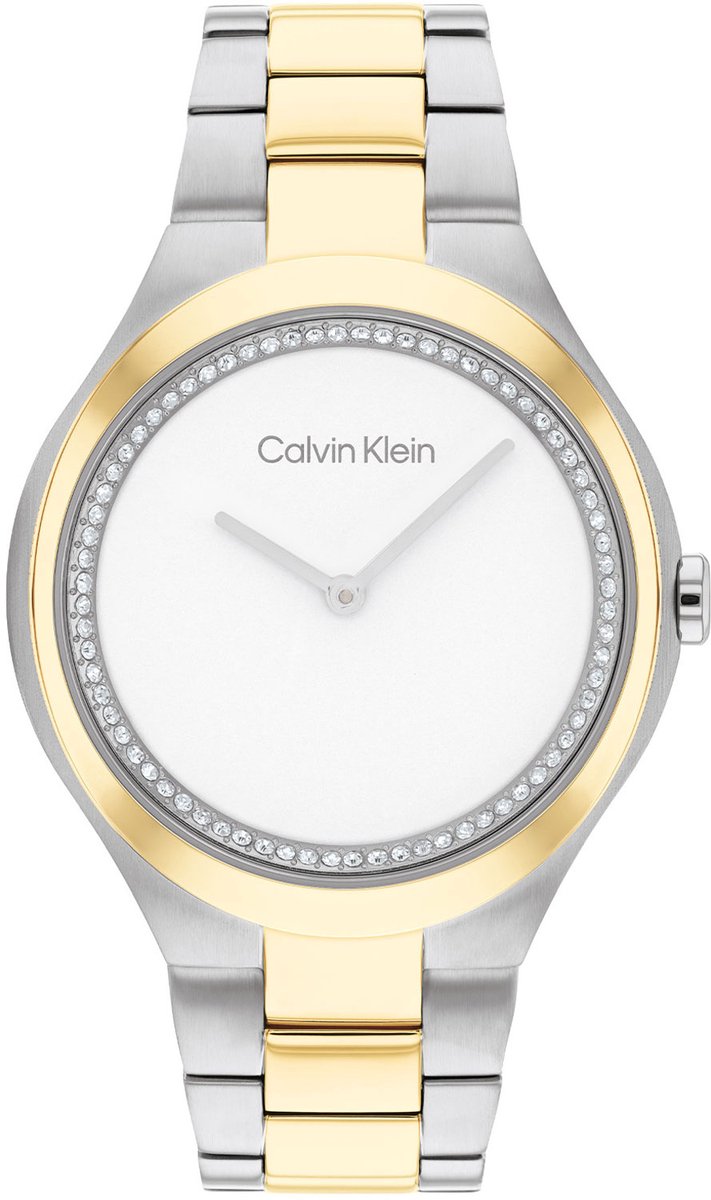 Calvin Klein CK25200366 Admire Dames Horloge - Mineraalglas - Staal - Zilver - 36 mm breed - Quartz - Vouw-Vlindersluiting - 3 ATM (spatwater)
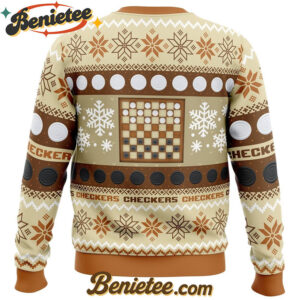 Christmas Checkers Board Games Ugly Christmas Sweater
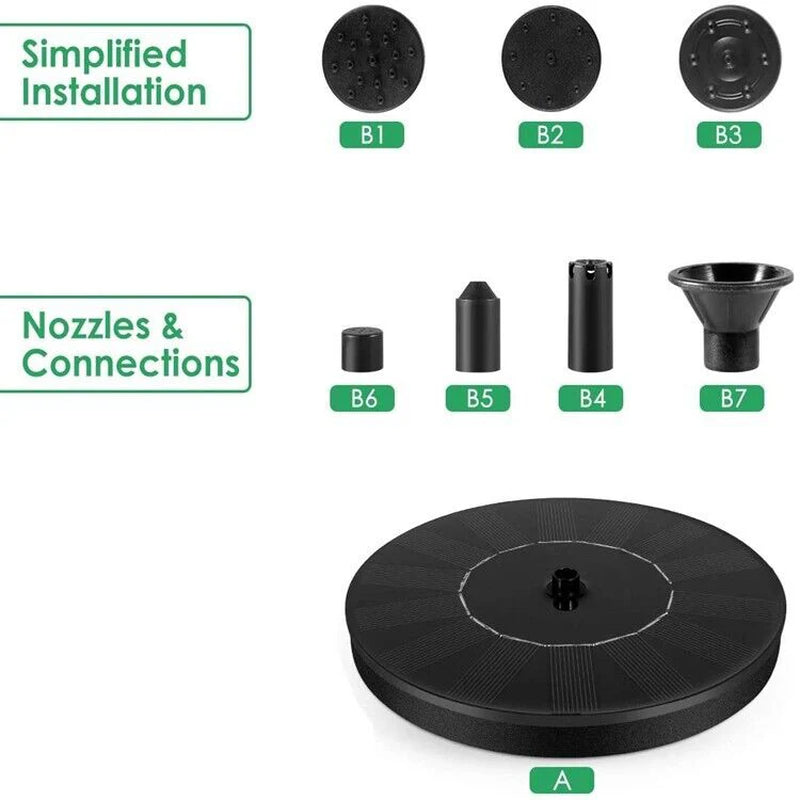 SunGlow Solar Bird Bath Fountain - 4 Dynamic Spray Options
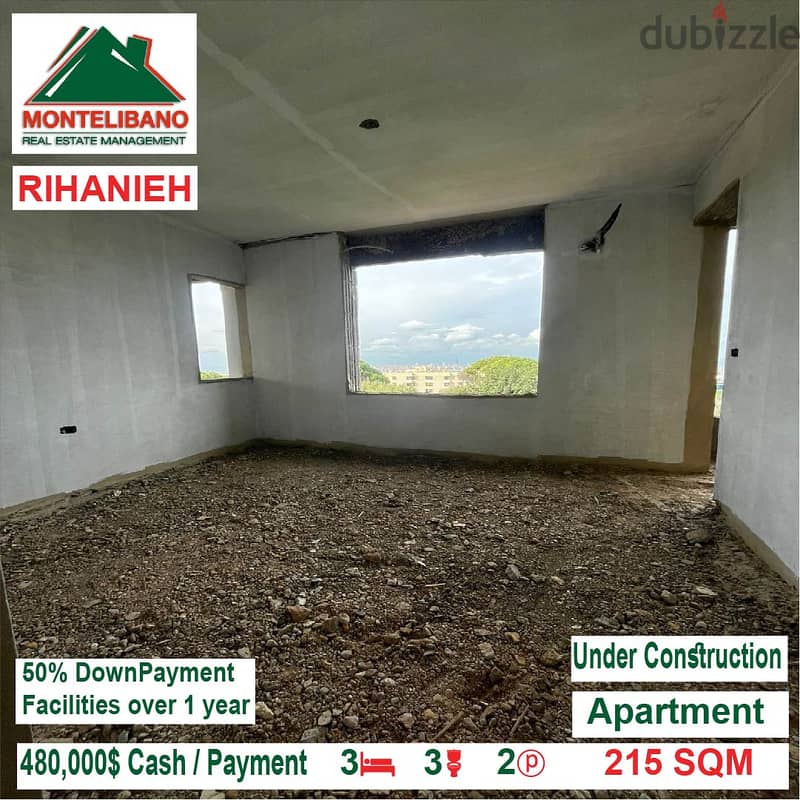 480,000$ Apartment under construction for sale in Rihanieh Baabda 1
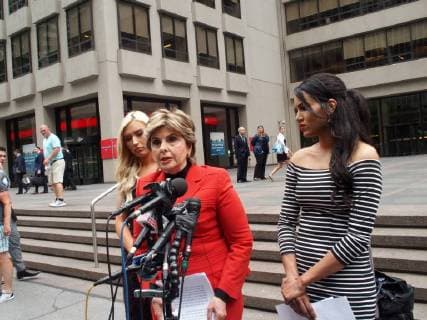 June 22, 2018 - New York, New York, U.S. - Former Houston Texans Cheerleader Angelina Rosa sues the National Football League(NFL). Lawyer Gloria Allred holds a press conference in front of NFL Headquarters in New York City.Gloria Allred (right), Angelina Rosa (middle) Hannah Turnbow .(left) New York U.S. - ZUMAct2_ 20180622_zaf_ct2_086 Copyright: xBrucexCotlerx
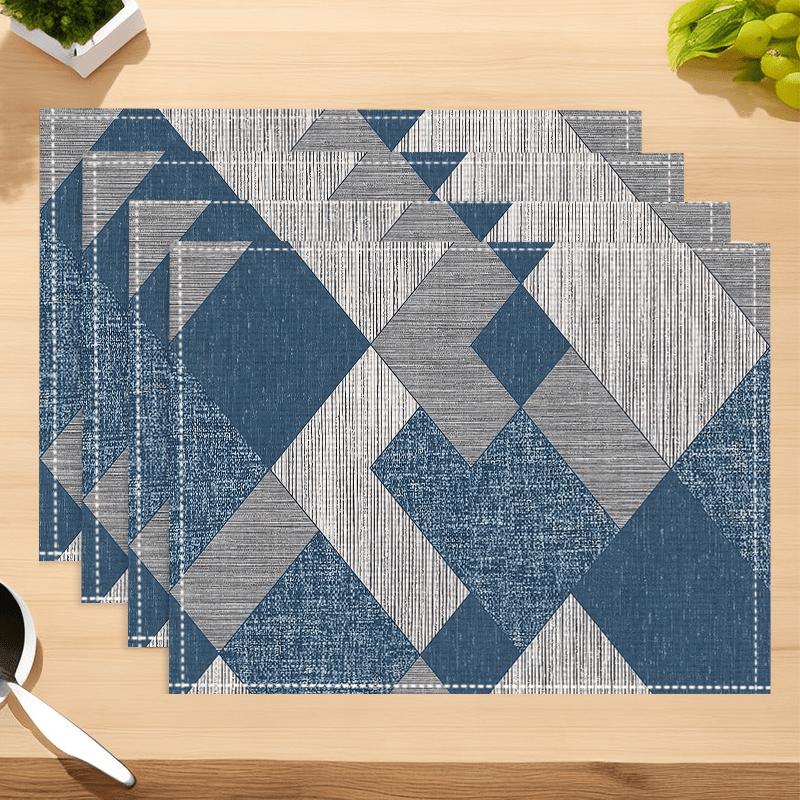 4PCs, Retro Geometric Diamond Pattern Placemats, Festive Washable Table Mats, Linen Material - for Dining, Kitchen,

_ _ _ _ _

- [Assignment]: Give back the whole listing exactly as written. Do not include any picture.

- [Task output]:
 Calvin Klein CK25200366 Admire Dames Horloge - Mineraalglas - Staal - Zilver - 36 mm breed - Quartz - Vouw-Vlindersluiting - 3 ATM (spatwater)
 Christmas Checkers Board Games Ugly Christmas Sweater
 SunGlow Solar Bird Bath Fountain - 4 Dynamic Spray Options
 480,000$ Apartment under construction for sale in Rihanieh Baabda 1
 June 22, 2018 - New York, New York, U.S. - Former Houston Texans Cheerleader Angelina Rosa sues the National Football League(NFL). Lawyer Gloria Allred holds a press conference in front of NFL Headquarters in New York City.Gloria Allred (right), Angelina Rosa (middle) Hannah Turnbow .(left) New York U.S. - ZUMAct2_ 20180622_zaf_ct2_086 Copyright: xBrucexCotlerx
 4PCs, Retro Geometric Diamond Pattern Placemats, Festive Washable Table Mats, Linen Material - for Dining, Kitchen,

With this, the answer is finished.